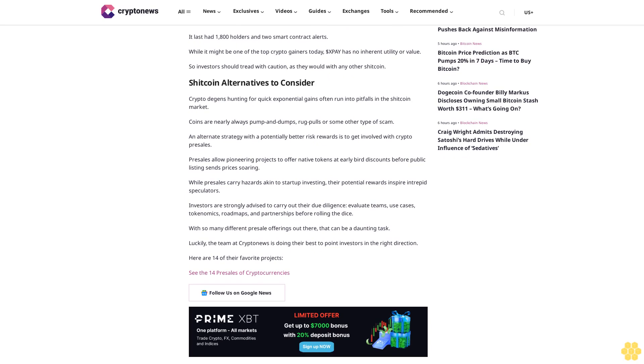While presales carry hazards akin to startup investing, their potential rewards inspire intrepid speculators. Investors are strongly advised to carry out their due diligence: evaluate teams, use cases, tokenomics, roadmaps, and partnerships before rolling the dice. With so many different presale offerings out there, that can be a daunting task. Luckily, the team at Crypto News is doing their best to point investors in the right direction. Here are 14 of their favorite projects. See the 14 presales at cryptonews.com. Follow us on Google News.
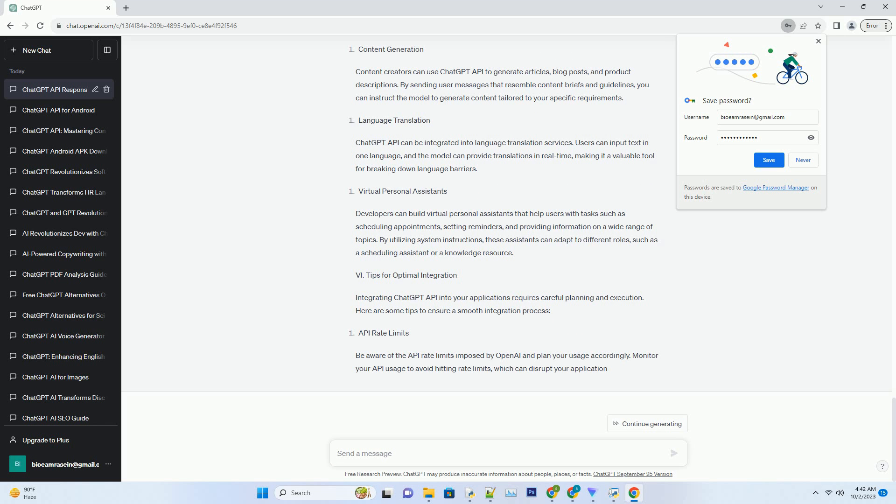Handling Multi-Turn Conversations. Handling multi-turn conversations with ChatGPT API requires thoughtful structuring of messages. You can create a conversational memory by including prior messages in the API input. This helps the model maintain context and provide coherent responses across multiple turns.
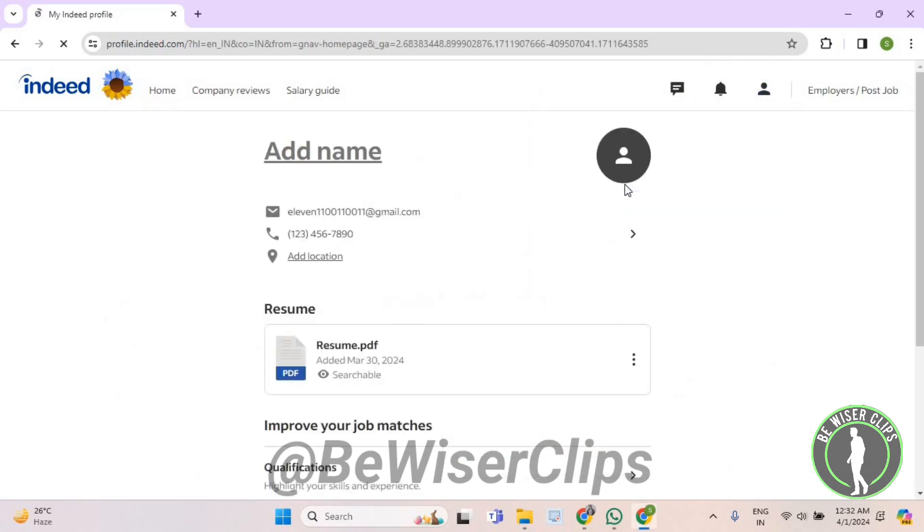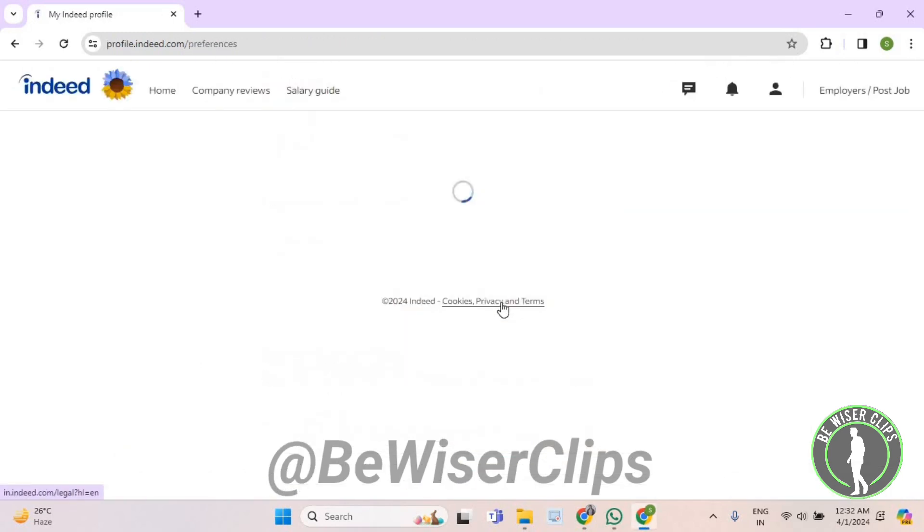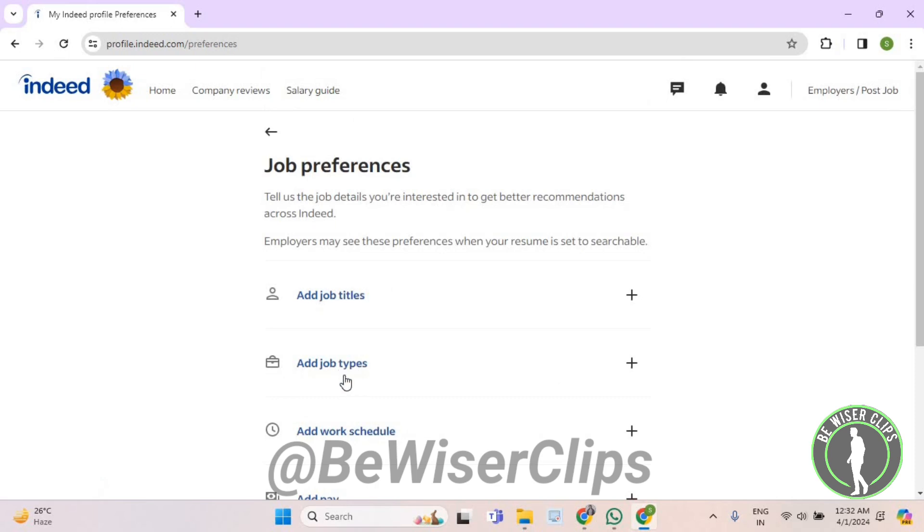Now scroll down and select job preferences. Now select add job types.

▶ **EXERCISE OBJECTIVE**
Beginning with the line that contains "Handling Multi-Turn Conversations." and ending with the last line of the data above, output those lines exactly and nothing more, without any pictures.

▶ **EXERCISE SOLUTION**
Handling Multi-Turn Conversations. Handling multi-turn conversations with ChatGPT API requires thoughtful structuring of messages. You can create a conversational memory by including prior messages in the API input. This helps the model maintain context and provide coherent responses across multiple turns.
Now scroll down and select job preferences. Now select add job types.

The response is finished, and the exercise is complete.